Last Revision May , 2026
Reading Time 7 Min
Readers 218 Times

The infant physical examination is a systematic clinical evaluation performed to assess the health, growth, and development of newborns and infants. A thorough infant physical assessment helps healthcare professionals identify congenital abnormalities, developmental disorders, infections, and other medical conditions early in life.

The newborn physical assessment is one of the most important examinations performed immediately after birth and during infancy. It provides essential baseline information regarding neurological function, cardiopulmonary health, musculoskeletal integrity, and overall adaptation to extrauterine life.

This comprehensive guide reviews the principles, techniques, and components of the newborn examination using evidence-based medical literature and pediatric clinical guidelines.


What is an Infant Physical Examination?

An infant physical examination is a structured head-to-toe evaluation of a newborn or infant conducted by pediatricians, neonatologists, family physicians, nurses, or other healthcare providers.

The examination aims to:

  • Evaluate general health status
  • Detect congenital anomalies
  • Assess growth and developmental milestones
  • Identify urgent medical conditions
  • Monitor adaptation after birth
  • Establish a baseline for future care

The newborn physical assessment is typically performed:

  1. Immediately after delivery
  2. Within the first 24 hours of life
  3. During routine well-baby visits throughout infancy

Importance of Infant Physical Assessment

A detailed infant physical assessment is essential because many neonatal disorders may initially appear subtle or asymptomatic.

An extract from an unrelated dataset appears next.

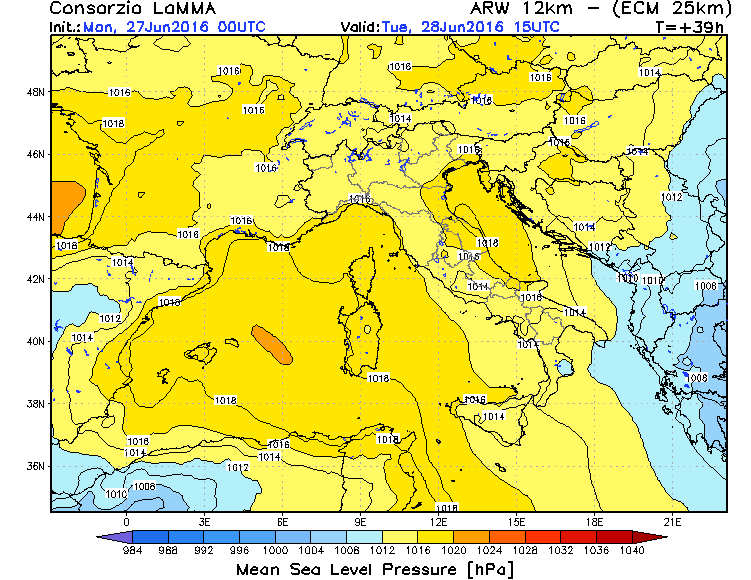 27 GIUGNO 2016 PREVISIONI METEO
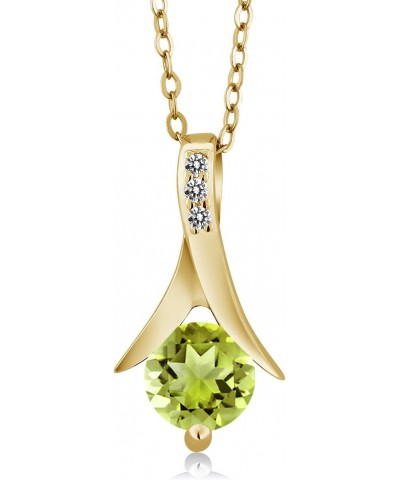 18K Yellow Gold Plated Silver Green Peridot and White Diamond Pendant and Earrings Jewelry Set For Women (2.60 Cttw with 18 I...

Benefits of Early Examination

  • Early detection of congenital heart disease
  • Recognition of birth trauma
  • Identification of metabolic disorders
  • Detection of hip dysplasia
  • Evaluation of neurological abnormalities
  • Monitoring feeding and hydration status
  • Identification of jaundice and infections

Early diagnosis improves outcomes and reduces infant morbidity and mortality.


Preparation for the Newborn Examination

Before starting the newborn examination, healthcare providers should ensure:

  • Warm environment
  • Adequate lighting
  • Clean examination surface
  • Calm infant when possible
  • Hand hygiene and infection control

The examination should ideally occur when the infant is quiet and not crying excessively.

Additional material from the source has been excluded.